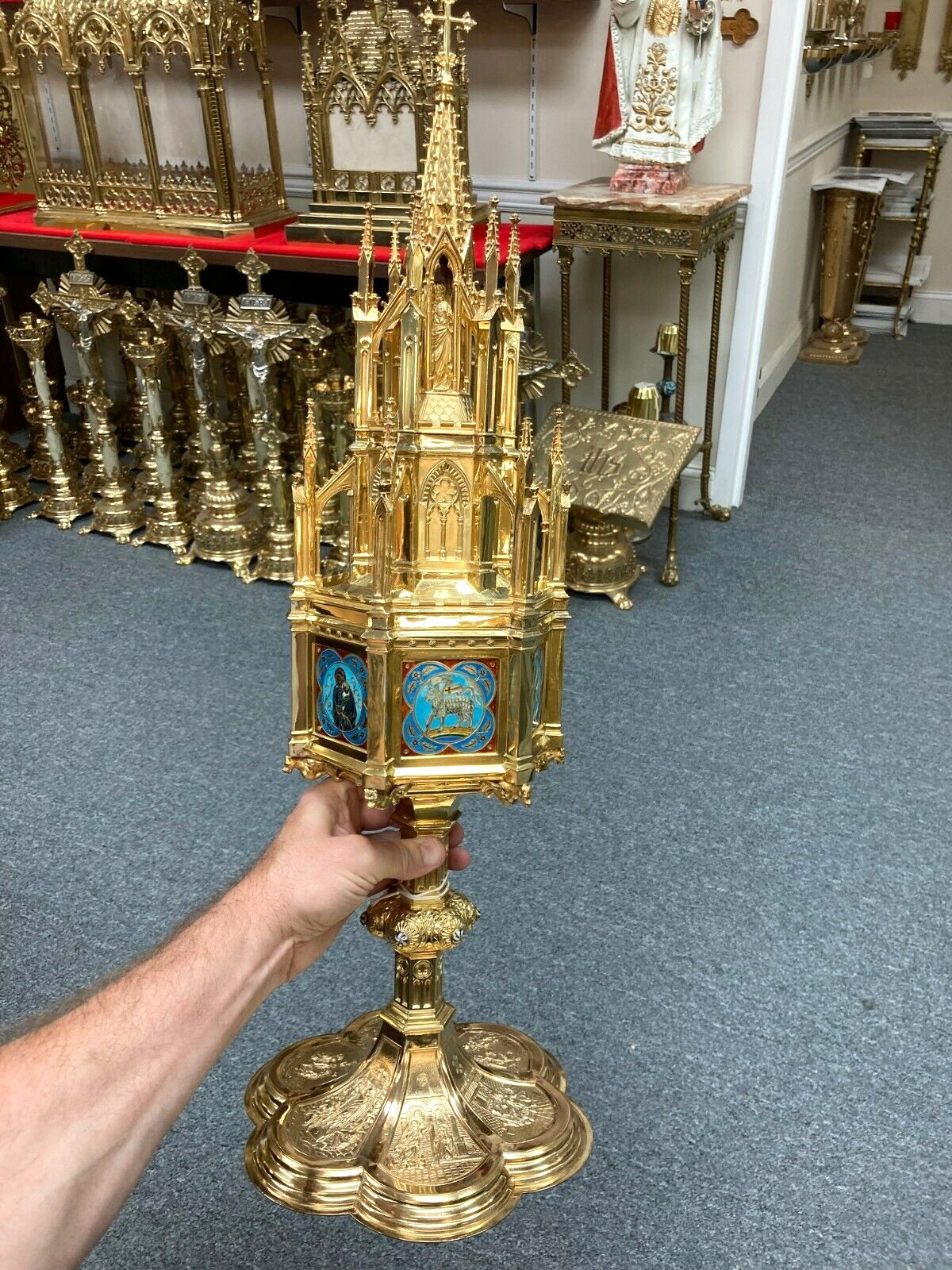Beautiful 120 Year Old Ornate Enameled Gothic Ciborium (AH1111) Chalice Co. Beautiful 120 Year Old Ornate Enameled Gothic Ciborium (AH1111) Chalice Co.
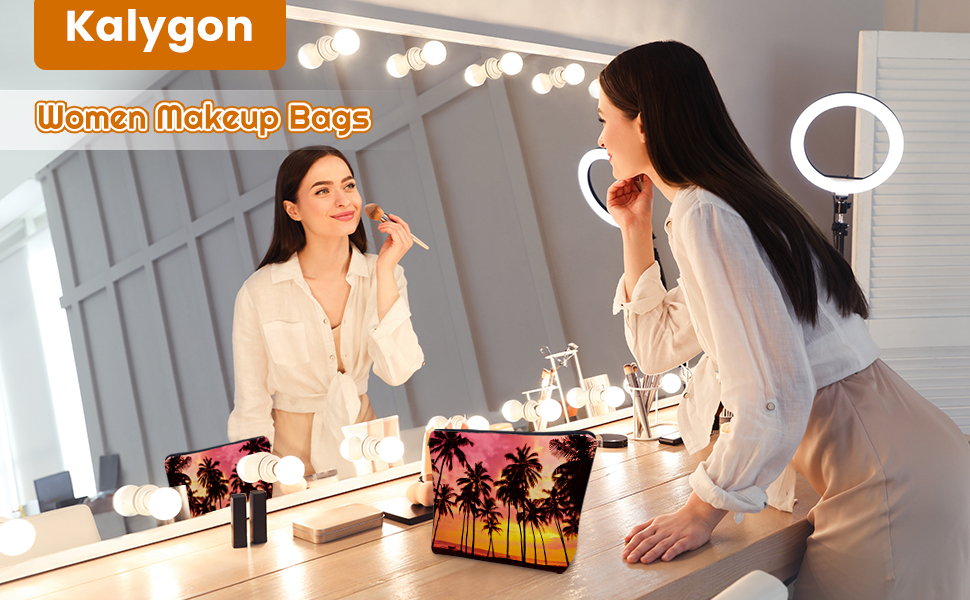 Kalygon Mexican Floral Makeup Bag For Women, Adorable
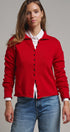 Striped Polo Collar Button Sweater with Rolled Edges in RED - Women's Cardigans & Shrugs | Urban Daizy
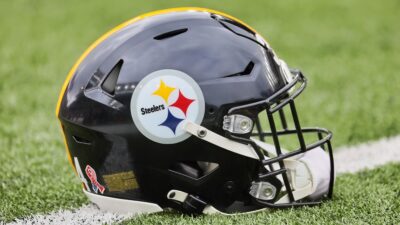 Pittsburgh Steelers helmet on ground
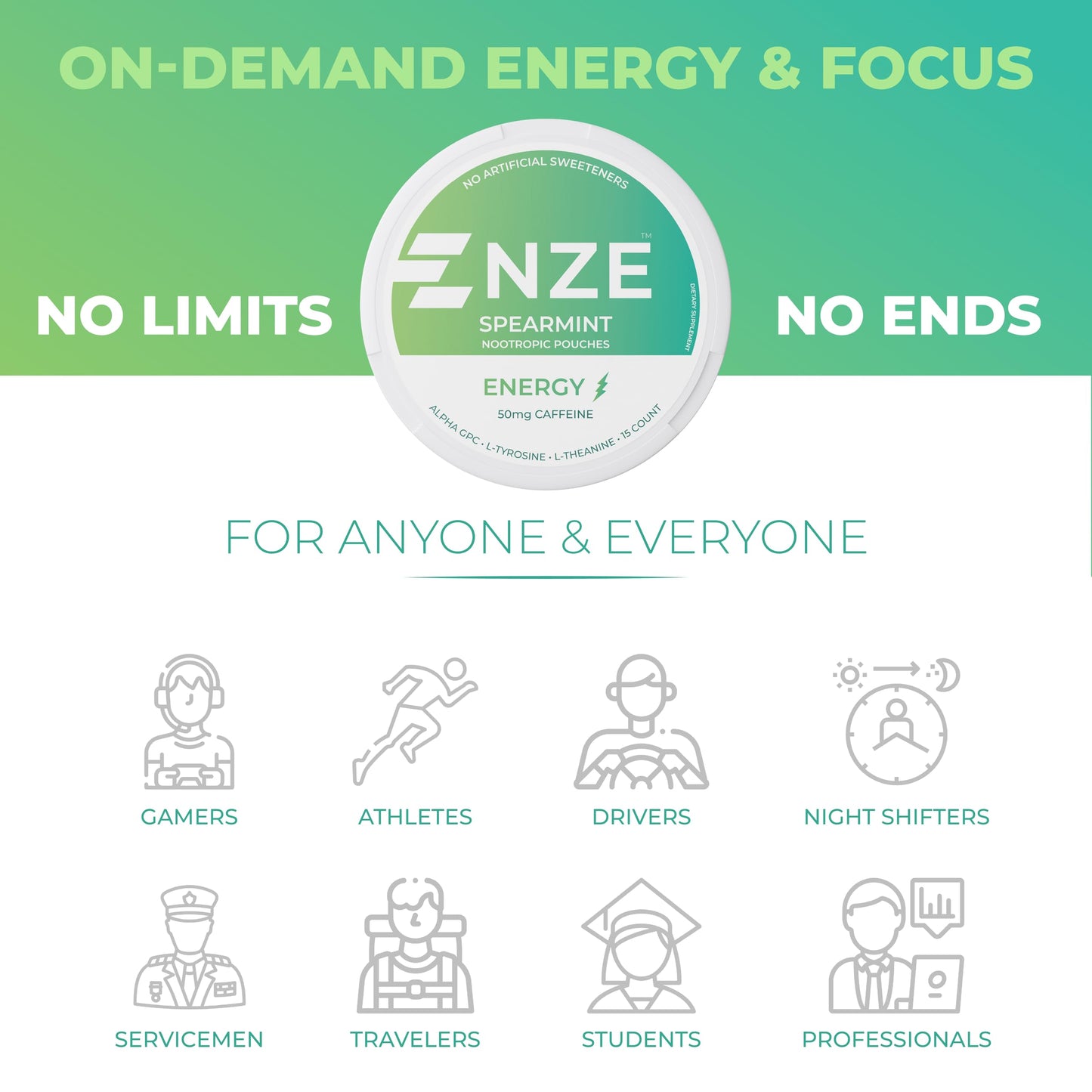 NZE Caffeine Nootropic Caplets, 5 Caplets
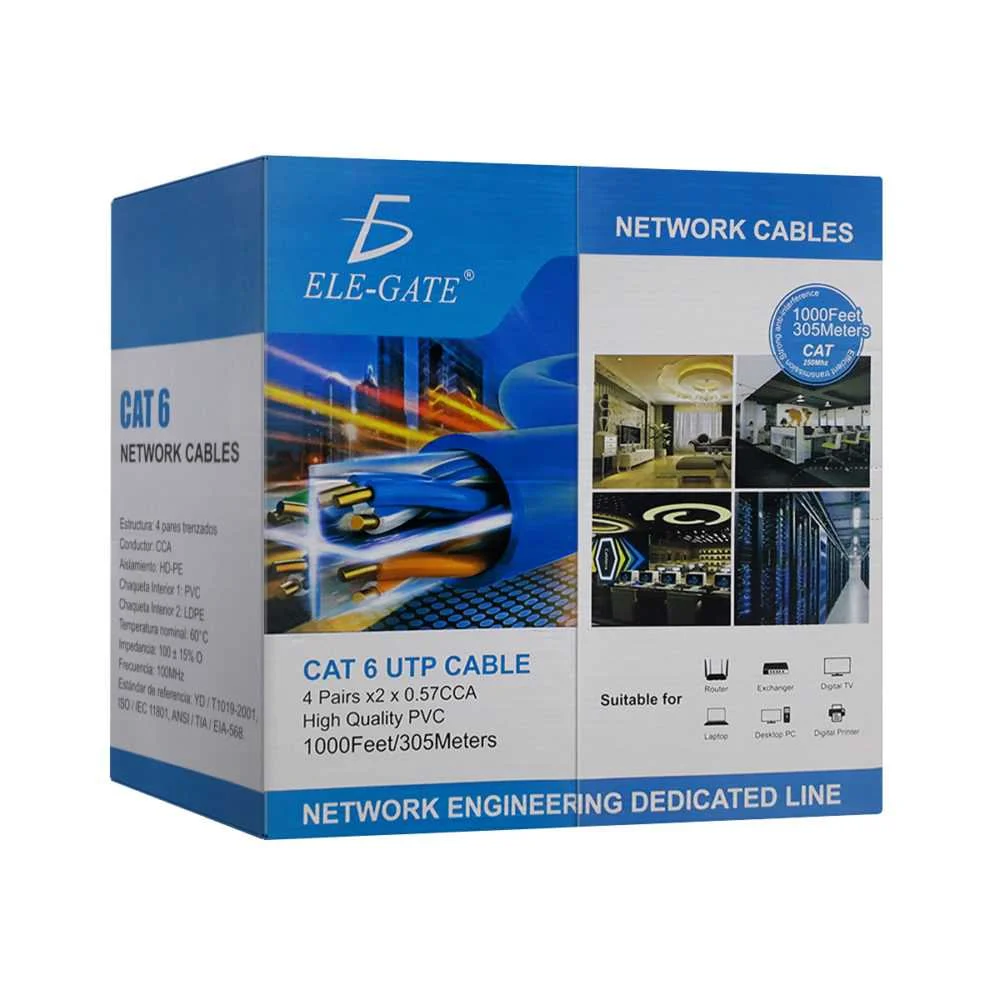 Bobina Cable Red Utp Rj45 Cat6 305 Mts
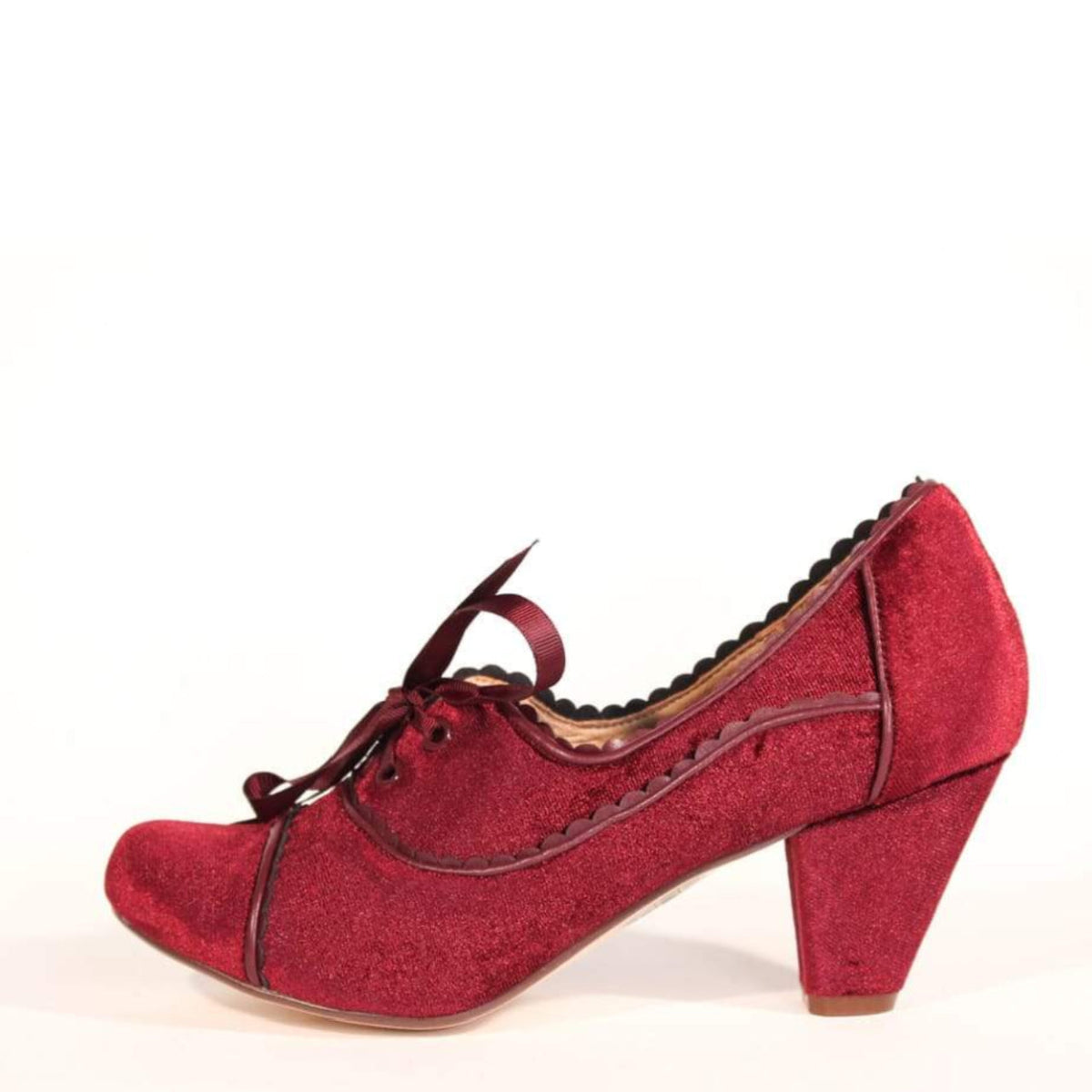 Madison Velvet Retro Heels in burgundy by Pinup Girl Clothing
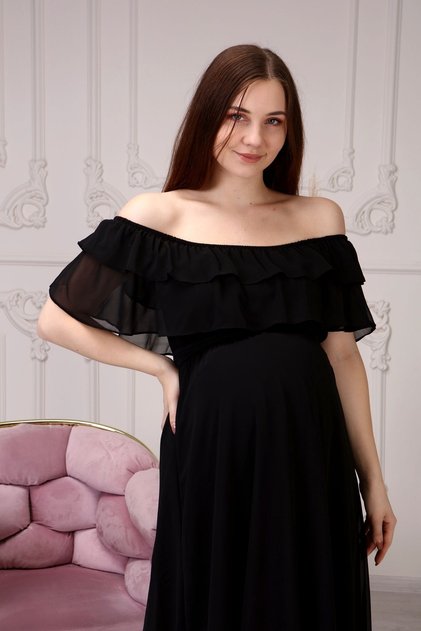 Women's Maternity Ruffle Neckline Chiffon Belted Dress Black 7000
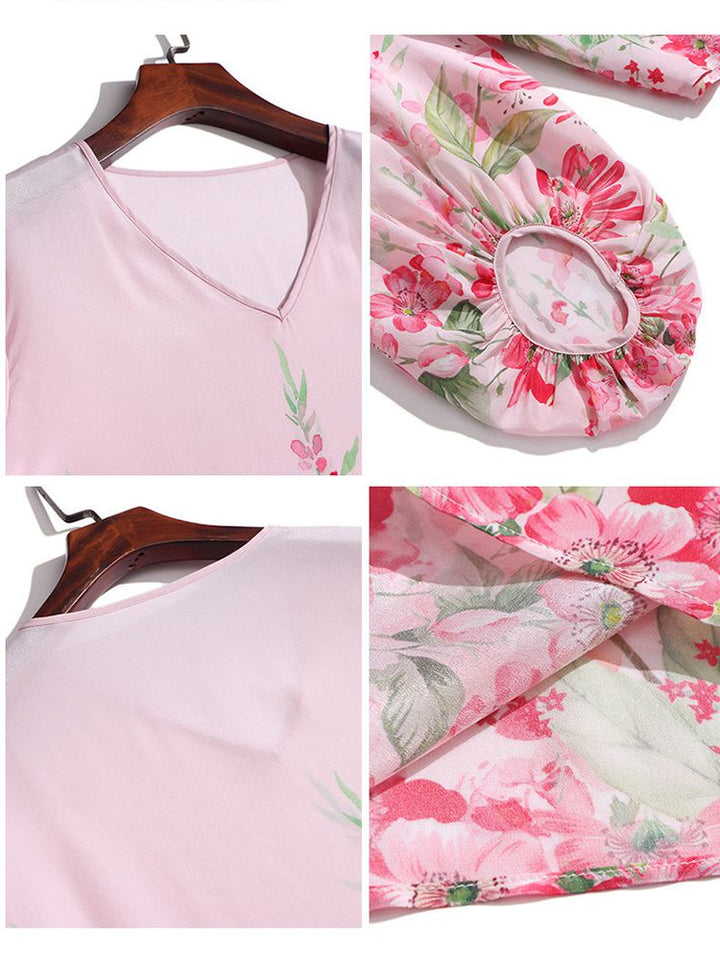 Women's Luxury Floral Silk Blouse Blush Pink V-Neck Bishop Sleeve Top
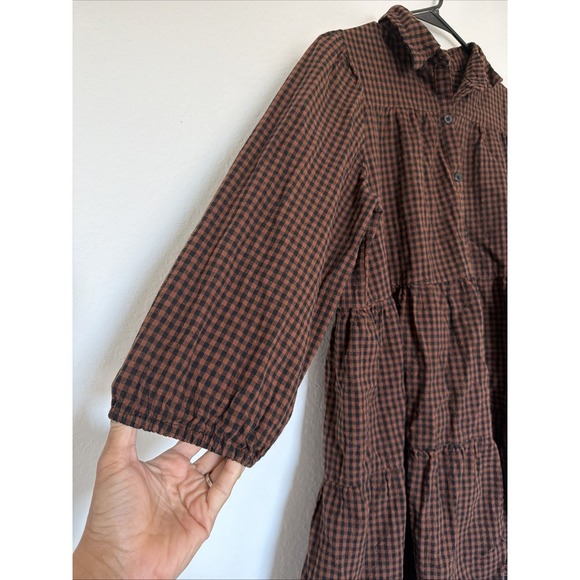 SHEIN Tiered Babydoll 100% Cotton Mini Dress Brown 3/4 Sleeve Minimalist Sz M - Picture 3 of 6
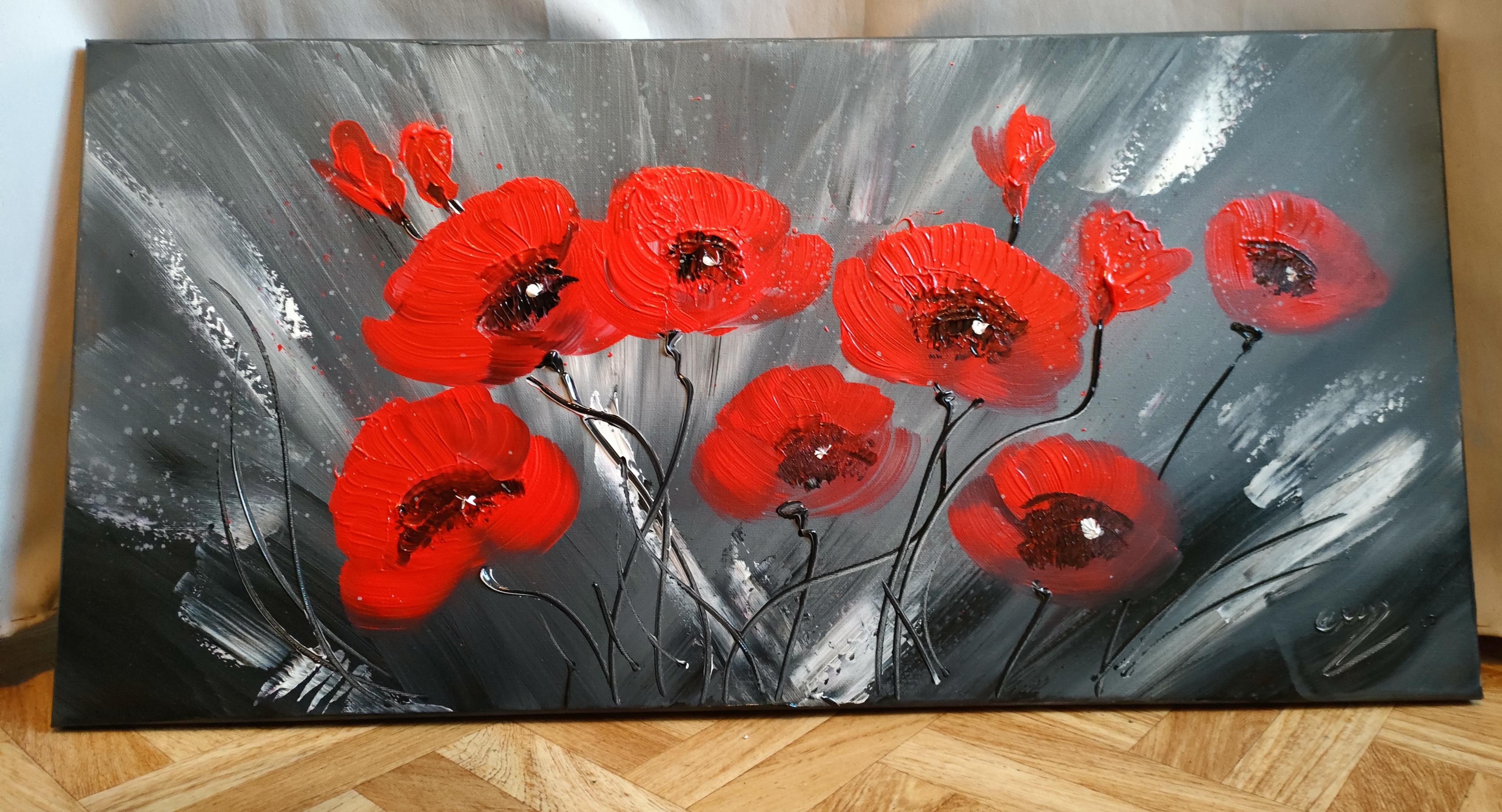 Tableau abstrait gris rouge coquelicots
━━━━━━━━━━━━━━━━━━━━
** Task brief **
Omit every picture while printing the data word for word.

** Solution **
Beautiful 120 Year Old Ornate Enameled Gothic Ciborium (AH1111) Chalice Co. Beautiful 120 Year Old Ornate Enameled Gothic Ciborium (AH1111) Chalice Co.
 Kalygon Mexican Floral Makeup Bag For Women, Adorable
 Striped Polo Collar Button Sweater with Rolled Edges in RED - Women's Cardigans & Shrugs | Urban Daizy
 Pittsburgh Steelers helmet on ground
 NZE Caffeine Nootropic Caplets, 5 Caplets
 Bobina Cable Red Utp Rj45 Cat6 305 Mts
 Madison Velvet Retro Heels in burgundy by Pinup Girl Clothing
 Women's Maternity Ruffle Neckline Chiffon Belted Dress Black 7000
 Women's Luxury Floral Silk Blouse Blush Pink V-Neck Bishop Sleeve Top
 SHEIN Tiered Babydoll 100% Cotton Mini Dress Brown 3/4 Sleeve Minimalist Sz M - Picture 3 of 6
 Tableau abstrait gris rouge coquelicots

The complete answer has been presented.